I governi centristi, fondati sulla chiamata a raccolta sotto la bandiera di un
generico anticomunismo, si muovevano secondo una logica conservatrice. In particolare
giocava oggettivamente in favore del conservatorismo la prassi banale (fatta
magari passare per concretezza) tipica di molta parte dell’attività di
governo. Ciò che caratterizzava la classe dirigente di quegli anni era
un’assoluta insensibilità alla dimensione culturale. Più che
di criptofascismo, il nucleo della leadership di allora può essere accusato
di insensibilità culturale. Ed è proprio l’assenza della
dignità culturale che determina lo scadere del comportamento pubblico
a tutti i livelli, facendolo precipitare verso i fascismi dei più diversi
colori.
Salvo nobili eccezioni, gli insegnanti cristiani - come del resto tutta l’intellighenzjia
cattolica di allora - applicavano accanitamente il principio della sostanziale
separazione fra il religioso e il temporale, e seguendo - con fedeltà degna
di miglior causa - un’idea astratta di stato neutrale, si facevano punto
d’onore di insegnare senza proporre alcuna visione del mondo, senza comunicare
nulla di quel che erano (e che in fondo quindi non erano). Perciò non
creavano né sollecitavano alcuna posizione culturale né cristiana
né rispettosa del cristianesimo: questo come tono generale teorizzato.
E non deve sorprendere che ciò avvenisse proprio a Milano, dove ha la
sua sede principale l’Università Cattolica del Sacro Cuore, ossia
la maggiore istituzione culturale dei cattolici italiani.
In quegli anni la Cattolica (in pieno contrasto con la sua ispirazione originaria)
risultava essere proprio il luogo in cui con più ampia articolazione culturale
si sosteneva e si diffondeva quel principio della separazione fra temporale e
religioso che in seguito avrebbe causato l’eclissi della presenza cattolica
nella società italiana.
Il contemporaneo rigoglio delle associazioni cattoliche mi lasciava quindi perplesso.
Come mai - mi domandavo - con tutta la loro apparente forza e capacità di
mobilitazione, questi organismi non incidono su tutti quegli ambienti in cui
la stragrande maggioranza delle persone passa le ore decisive della propria giornata:
dalle fabbriche, agli uffici, alle scuole? D’altra parte anche la fede
del giovane studente nato in una famiglia cattolica, e cresciuto a contatto con
la parrocchia e con le sue iniziative, finisce per diminuire, e per diventare
formale se egli a scuola non ha modo anche di apprendere come la fede e la vita
cristiana siano capaci di rispondere alle problematiche teoriche ed esistenziali
che proprio nell’età scolastica attraversano la fase del loro rigoglio.
Ciò che importa è innanzitutto che la fede diventi mentalità: è la
mentalità che crea, dando nuova forma alle cose.
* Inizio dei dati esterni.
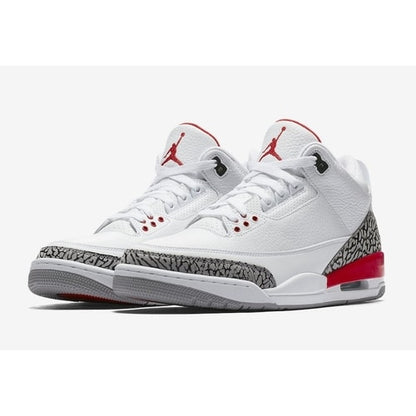 Jordan 3 Hall Of Fame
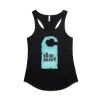 AS Colour Womens Mali Racerback Singlet Thumbnail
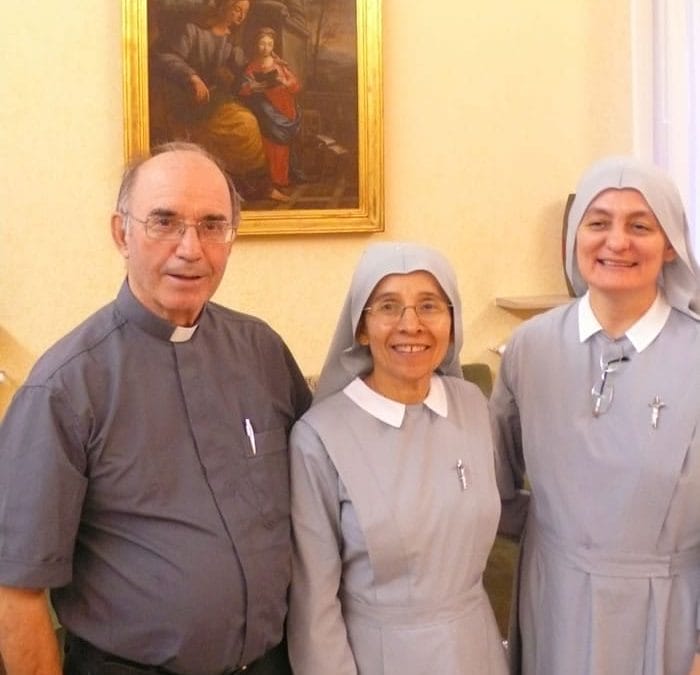 Francisco Javier Hernández: “The enclosed nuns take an active role in the local church”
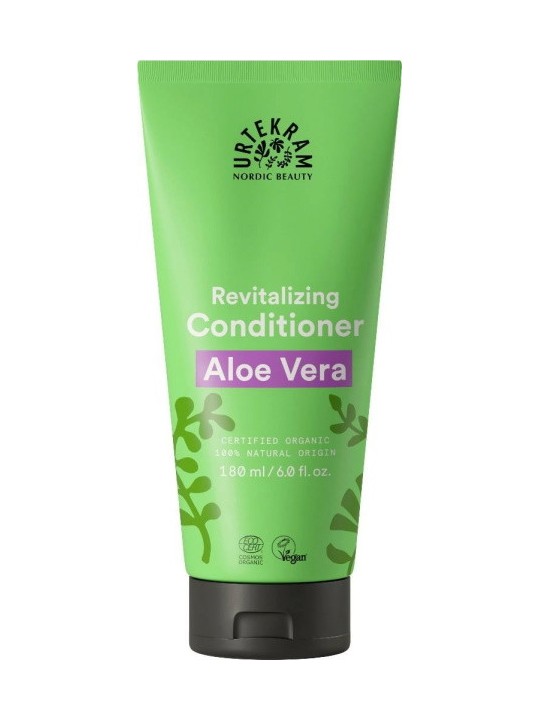 Après shampoing Aloé Véra 180ml Urtekram Herboristerie de Paris
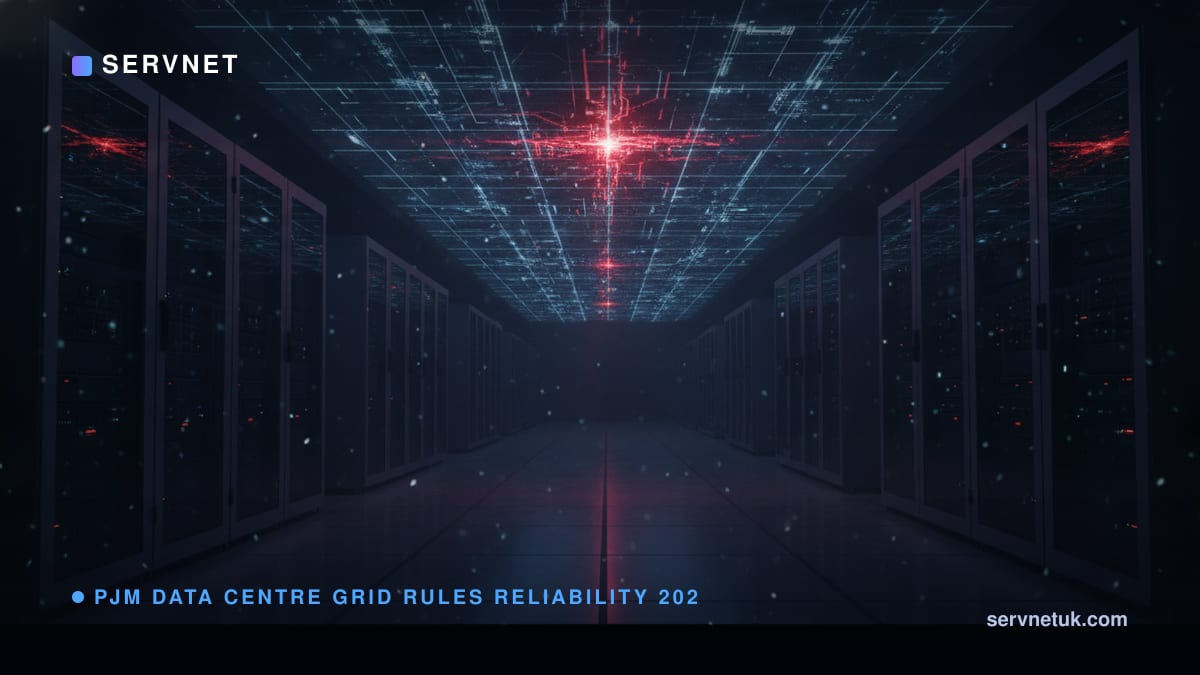 PJM Data Centre Grid Rules 2026: What UK Buyers Must Know — article cover art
Nelle persone, che si
formavano nelle associazioni cattoliche, la fede spesso non diventava mentalità cristiana.
Citerò un caso che mi sembra significativo. Mi ricordo che, nei primi
anni in cui insegnavo al liceo Berchet, in una classe c’era un ragazzo
molto bravo ed intelligente, cattolico e Delegato Aspiranti (gli “Aspiranti”,
secondo la struttura tradizionale dell’Azione Cattolica, sono gli iscritti
all’associazione in età compresa fra i 10 e i 13 anni. Il delegato è colui
che nella parrocchia si occupa di loro; ndr) della sua parrocchia. Fra i suoi
compagni ce n’erano diversi che poi sarebbero diventati leaders dei gruppi
extra-parlamentari. E tutti dicevano di lui un gran bene, sia i compagni che
i professori; gli dicevano che era una brava persona, certo con idee cattoliche
diverse dalle loro, ma che come persona lo stimavano molto. Accortomi di come
stessero le cose, dissi a questo studente: «Vedi, la tua rettitudine, il
tuo essere galantuomo non richiama a niente se non a te stesso. Tu non rendi
presente nella tua classe il fatto cristiano. Tu semplicemente studi, prendi
10, con i tuoi compagni sei tranquillo e amico; e tutto finisce lì».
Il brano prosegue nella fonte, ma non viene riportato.